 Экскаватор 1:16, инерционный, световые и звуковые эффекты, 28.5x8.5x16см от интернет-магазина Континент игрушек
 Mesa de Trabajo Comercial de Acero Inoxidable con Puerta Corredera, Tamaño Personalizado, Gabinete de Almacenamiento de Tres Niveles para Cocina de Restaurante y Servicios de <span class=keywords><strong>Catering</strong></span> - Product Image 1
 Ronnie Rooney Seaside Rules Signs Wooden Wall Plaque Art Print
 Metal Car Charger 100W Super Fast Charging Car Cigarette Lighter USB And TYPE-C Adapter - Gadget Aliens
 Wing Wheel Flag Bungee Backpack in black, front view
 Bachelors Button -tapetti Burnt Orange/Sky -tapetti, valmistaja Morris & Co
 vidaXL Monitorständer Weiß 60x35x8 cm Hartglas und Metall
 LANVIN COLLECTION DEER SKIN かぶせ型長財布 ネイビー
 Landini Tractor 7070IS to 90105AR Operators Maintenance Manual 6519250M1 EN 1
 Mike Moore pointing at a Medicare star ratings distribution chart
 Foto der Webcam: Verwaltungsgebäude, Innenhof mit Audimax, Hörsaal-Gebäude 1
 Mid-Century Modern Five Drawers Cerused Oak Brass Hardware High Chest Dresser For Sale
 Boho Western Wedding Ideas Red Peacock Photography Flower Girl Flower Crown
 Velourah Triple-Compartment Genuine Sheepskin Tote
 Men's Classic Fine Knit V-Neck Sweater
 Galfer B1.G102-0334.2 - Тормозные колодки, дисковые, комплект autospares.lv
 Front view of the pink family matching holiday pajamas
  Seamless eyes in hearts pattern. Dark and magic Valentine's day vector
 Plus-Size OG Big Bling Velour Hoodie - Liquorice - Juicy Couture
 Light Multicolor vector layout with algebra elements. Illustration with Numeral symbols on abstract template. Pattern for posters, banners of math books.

§ WHAT TO DO:
Only one stretch of the data above is needed. Restate it word for word, from the line containing "Landini Tractor 7070IS" through the line containing "Front view of", both ends included.

§ OUTPUT FOR THIS TASK:
 Landini Tractor 7070IS to 90105AR Operators Maintenance Manual 6519250M1 EN 1
 Mike Moore pointing at a Medicare star ratings distribution chart
 Foto der Webcam: Verwaltungsgebäude, Innenhof mit Audimax, Hörsaal-Gebäude 1
 Mid-Century Modern Five Drawers Cerused Oak Brass Hardware High Chest Dresser For Sale
 Boho Western Wedding Ideas Red Peacock Photography Flower Girl Flower Crown
 Velourah Triple-Compartment Genuine Sheepskin Tote
 Men's Classic Fine Knit V-Neck Sweater
 Galfer B1.G102-0334.2 - Тормозные колодки, дисковые, комплект autospares.lv
 Front view of the pink family matching holiday pajamas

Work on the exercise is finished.